There is a certain greatness to films that know what they want to be and go out and execute that plan with panache. “John Wick: Chapter 2” is the sort of film that is going to turn off a lot of people at the very idea of a stylized Keanu Reeves-shoots-lots-of-people sequel. On the other hand, if you want an action movie where the blood flies, the fight sequences are enjoyable, and there’s just enough story and world building to keep you interested in the less gun-based moments, “John Wick: Chapter 2” is excellent.
Directed by Chad Stahelski, the sequel follows closely on the heels of the 2014 original, telling the tale of John Wick (Reeves), a man who was at one time the best assassin out there but left the world when he met the love of his life. In the first film, after losing his wife, Wick is pulled back into the assassin’s life (what was he going to do, they killed his dog). Now, in the second film, he’s finding more than a little trouble getting back out of the life as a debt he owes to one man, Santino D’Antonio (Riccardo Scamarcio), needs to be paid.
As one might expect from a sequel, “John Wick: Chapter 2” does indeed attempt to flesh out the world we saw in the original, and it is relatively successful in this goal. There is a shadowy organization that overseas all this assassin stuff which plays into the plot, and we are taken to a European hotel which follows the same rules as the one in New York, and we meet more members of whatever union this is that organizes all the killings. It doesn’t really all make sense on screen, but there is definitely an indication that someone, somewhere, has a ream of paper detailing just how the underworld in the film is organized. Presumably if/when we get “John Wick: Chapter 3,” more of the mechanics will be divulged.
Ian McShane and Lance Reddick both reprise their roles from the original film while added to the mix this time are the likes of Laurence Fishburne (in a “Matrix” reunion sure to please fans of both franchises), Common, and Ruby Rose. Wick goes up against the characters portrayed by these last two in some pretty energetic battles, and both Common and Rose are more than charismatic in their parts. One of the things this movie really does quite well is offer up the notion that everyone has a backstory, everyone has a history, and those in the audience will certainly want to know more about all these folks.
Is it silly? Oh, absolutely – “John Wick: Chapter 2” is downright silly, but it is a movie that is well aware of its own over the top nature. That is, the movie is in on the joke, and because of that it all works better than it otherwise might.
The only thing Keanu and company take seriously here is the action – and that is tremendous. It is loud, it is brutal, and very exciting to watch unfold. You will read about it being called “gun fu,” but if you’re unfamiliar with the term or its origins, perhaps the best way to think about it is as almost ballet, but with guns. The action sequences are fast and moves are precise. It is all highly orchestrated in ways that would feel improbable in reality, but which succeed in the context of the film.

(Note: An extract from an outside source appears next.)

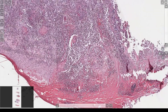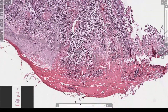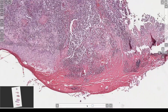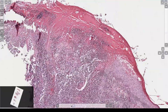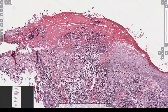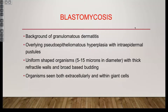Plasma cells are a nice clue. The presence of epidermal hyperplasia — that pseudoepitheliomatous hyperplasia pattern with neutrophils and granulomas — also really strongly makes you think of deep fungal infections, among other types of infectious things. So that's blastomycosis.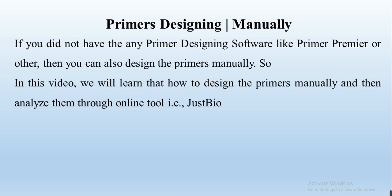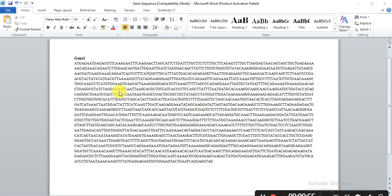Through this online tool we can analyze what is the melting temperature of this primer, what is the length of the primer, and what are the GC content, etc. So how to do, let's start. So this is my gene and I want to design the primer of these sense and antisense primers or forward or reverse primer to clone it.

Working hand-in-hand with the action sequences is the look of the film (Dan Laustsen serves as DP). While many of the fights take place at night or in darkened areas, things are never so dark that blood can’t be seen flying from bodies when a bullet strikes them. While grotesque, it is also remarkably beautiful.
Whether intentional or not, there are definitely moments in the look of the movie which harken back to James Bond. This is particularly true of the film’s climax which feels a lot like moments from the Scaramanga-Bond fight in “Man with the Golden Gun” but through the lens of Roger Deakins’ work on “Skyfall.”
In short, if you like action movies, you’re going to love “John Wick: Chapter 2.” It is a movie that knows what its audience wants and delivers exactly that in spades. If, on the other hand, action films are not your thing, you’re not going to change your mind simply by watching this one. But, man, are you going to be missing out on something special.